## Given entries
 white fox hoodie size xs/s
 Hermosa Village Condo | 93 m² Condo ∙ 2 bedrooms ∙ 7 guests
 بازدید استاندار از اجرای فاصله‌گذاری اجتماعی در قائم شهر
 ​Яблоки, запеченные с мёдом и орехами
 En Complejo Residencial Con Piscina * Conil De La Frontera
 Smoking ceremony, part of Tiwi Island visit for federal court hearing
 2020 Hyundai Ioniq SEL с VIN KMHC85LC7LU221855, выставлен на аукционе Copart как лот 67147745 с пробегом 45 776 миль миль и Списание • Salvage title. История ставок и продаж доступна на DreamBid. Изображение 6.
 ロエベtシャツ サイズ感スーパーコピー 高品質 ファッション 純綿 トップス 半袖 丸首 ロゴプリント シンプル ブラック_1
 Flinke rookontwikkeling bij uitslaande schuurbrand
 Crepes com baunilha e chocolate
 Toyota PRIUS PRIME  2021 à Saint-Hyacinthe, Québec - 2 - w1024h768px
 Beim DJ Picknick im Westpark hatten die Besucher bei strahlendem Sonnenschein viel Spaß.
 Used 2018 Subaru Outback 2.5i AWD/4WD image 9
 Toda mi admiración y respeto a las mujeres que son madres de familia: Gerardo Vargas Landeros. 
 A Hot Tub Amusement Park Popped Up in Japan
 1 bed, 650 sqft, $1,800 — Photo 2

## Exercise objective
What you return should consist solely of the lines from the one containing "ロエベtシャツ サイズ感スーパーコピー 高品質" through the end of the entries above, reproduced exactly.

## Task response
 ロエベtシャツ サイズ感スーパーコピー 高品質 ファッション 純綿 トップス 半袖 丸首 ロゴプリント シンプル ブラック_1
 Flinke rookontwikkeling bij uitslaande schuurbrand
 Crepes com baunilha e chocolate
 Toyota PRIUS PRIME  2021 à Saint-Hyacinthe, Québec - 2 - w1024h768px
 Beim DJ Picknick im Westpark hatten die Besucher bei strahlendem Sonnenschein viel Spaß.
 Used 2018 Subaru Outback 2.5i AWD/4WD image 9
 Toda mi admiración y respeto a las mujeres que son madres de familia: Gerardo Vargas Landeros. 
 A Hot Tub Amusement Park Popped Up in Japan
 1 bed, 650 sqft, $1,800 — Photo 2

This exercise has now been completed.